Eusebio lo sabía y por
eso lo llamaba desafiante. Entró a su choza y al poco rato salió con un
costalillo de plástico transparente y comenzó a sacar unos muñequitos dándole a
cada uno el nombre de los vecinos y diciendo que iba a clavarles alfileres para
que murieran en medio de grandes dolores arrastrados por los demonios hacia el
infierno. Los vecinos se encontraban en sus casa temblando, desesperados se
arrodillaban, rezaban pero la voz de Eusebio se dejó escuchar cada vez más profunda
por el valle.
El enamorado de Beatriz
escuchó en silencio, nervioso y sin poder de decisión al llamado del brujo. Él
no le creía, pero le tenía miedo. El hombre era un gigante, con un vozarrón de
todos los diablos. No, pero no es posible que un farsante se valga de tanta
mentira para realizar atropellos. Él era pequeño y delgado; el otro, grueso,
fuerte ¡Un revólver! He aquí la solución. No esperó más. Tenía en sus manos el
revólver. Pensó que tenía que estar sereno. Hizo lo que ya estaba decidido a
hacer. Se enfrentó mirándolo fijamente a los ojos. El otro botaba espuma por la
boca. Metió las manos al bolsillo y sacó un muñequito: "Este eres tú vas a
morir aplastado en mis manos". La respuesta no se hizo esperar: “No te
temo. No creo en tu poder ni en tus muñecos”.
Le apuntaba con el arma,
aunque no tenía la intención de dispararle. Lo que deseaba era demostrar que
nada mágico existía en los muñecos. Sacó un pañuelo y con firme gesto lo arroja
al suelo; lo pisotea con fuerza exclamando: “Tú crees que te tengo miedo. Aquí
te tengo”. Presionando con fuerza el pañuelo con el píe izquierdo.
Eusebio hizo pedazos el
muñeco y lo tiro al suelo “Ya ves. ¡No pasa nada! ¡En cambio yo si te tengo en
mis pies!” repetía su contrincante. Fueron instantes
cruciales para los dos hombres.
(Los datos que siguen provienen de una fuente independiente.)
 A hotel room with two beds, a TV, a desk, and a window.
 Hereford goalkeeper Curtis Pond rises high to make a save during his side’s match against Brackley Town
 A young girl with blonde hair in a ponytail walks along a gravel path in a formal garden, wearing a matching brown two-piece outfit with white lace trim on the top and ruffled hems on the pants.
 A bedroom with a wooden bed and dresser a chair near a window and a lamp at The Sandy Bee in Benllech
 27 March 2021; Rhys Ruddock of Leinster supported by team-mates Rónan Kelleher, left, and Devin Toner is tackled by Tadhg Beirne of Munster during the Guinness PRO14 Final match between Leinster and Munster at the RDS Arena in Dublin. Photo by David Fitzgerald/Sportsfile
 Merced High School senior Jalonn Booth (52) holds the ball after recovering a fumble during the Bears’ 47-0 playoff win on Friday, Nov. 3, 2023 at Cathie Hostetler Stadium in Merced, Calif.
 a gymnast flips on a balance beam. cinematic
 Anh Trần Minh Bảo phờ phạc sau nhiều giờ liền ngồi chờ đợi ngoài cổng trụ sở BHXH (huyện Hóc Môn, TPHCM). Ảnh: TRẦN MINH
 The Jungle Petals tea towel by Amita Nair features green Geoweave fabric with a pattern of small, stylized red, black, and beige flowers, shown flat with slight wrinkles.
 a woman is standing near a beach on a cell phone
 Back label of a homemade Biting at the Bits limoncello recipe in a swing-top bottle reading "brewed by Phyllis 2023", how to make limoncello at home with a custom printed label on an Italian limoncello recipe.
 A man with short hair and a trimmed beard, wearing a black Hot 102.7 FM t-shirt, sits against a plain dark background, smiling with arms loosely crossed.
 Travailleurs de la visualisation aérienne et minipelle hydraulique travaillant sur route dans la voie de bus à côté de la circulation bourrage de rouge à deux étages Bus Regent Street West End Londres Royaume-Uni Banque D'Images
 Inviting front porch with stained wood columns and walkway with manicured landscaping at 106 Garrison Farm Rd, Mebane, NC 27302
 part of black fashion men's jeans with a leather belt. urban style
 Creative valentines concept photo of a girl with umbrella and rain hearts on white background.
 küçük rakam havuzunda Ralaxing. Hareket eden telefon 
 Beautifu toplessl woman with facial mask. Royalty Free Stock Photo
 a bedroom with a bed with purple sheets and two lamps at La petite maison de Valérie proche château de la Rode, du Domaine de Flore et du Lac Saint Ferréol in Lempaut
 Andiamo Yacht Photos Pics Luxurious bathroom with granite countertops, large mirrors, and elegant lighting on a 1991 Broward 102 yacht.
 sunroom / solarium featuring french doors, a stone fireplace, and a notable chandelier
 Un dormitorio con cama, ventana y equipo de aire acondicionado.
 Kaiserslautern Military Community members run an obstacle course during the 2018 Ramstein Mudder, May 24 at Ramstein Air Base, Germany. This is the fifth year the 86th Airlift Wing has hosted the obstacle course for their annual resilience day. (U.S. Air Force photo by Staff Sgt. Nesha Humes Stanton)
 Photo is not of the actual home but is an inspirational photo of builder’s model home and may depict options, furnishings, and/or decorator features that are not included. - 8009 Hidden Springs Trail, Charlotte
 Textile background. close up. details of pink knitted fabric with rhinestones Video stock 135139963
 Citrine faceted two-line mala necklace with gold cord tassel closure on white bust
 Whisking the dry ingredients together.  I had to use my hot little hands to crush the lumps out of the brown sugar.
Eusebio tiró al suelo los pedazos del muñeco
triturado, en sus manos y luego mira al joven que se mantenía firme con el
revólver en la mano. Dio un grito de desesperación y de rabia. Cae al sucio,
suelo y se queda inmóvil. Estaba muerto. Ya era entrada la noche y la luna
iluminaba el cadáver. El silencio que prosigue a la muerte y la libertad reinó
aquella noche en esos campos. El examen de rigor que se le practico al occiso
reveló que la causa de la muerte había sido un ataque cardíaco.
¿Existió en realidad
este hombre? Sí, y fue un perfecto fanfarrón. Un parásito que quiso exprimir
hasta la última gota a los ingenuos campesinos que le rodeaban. También existió
el héroe y existe hasta el presente.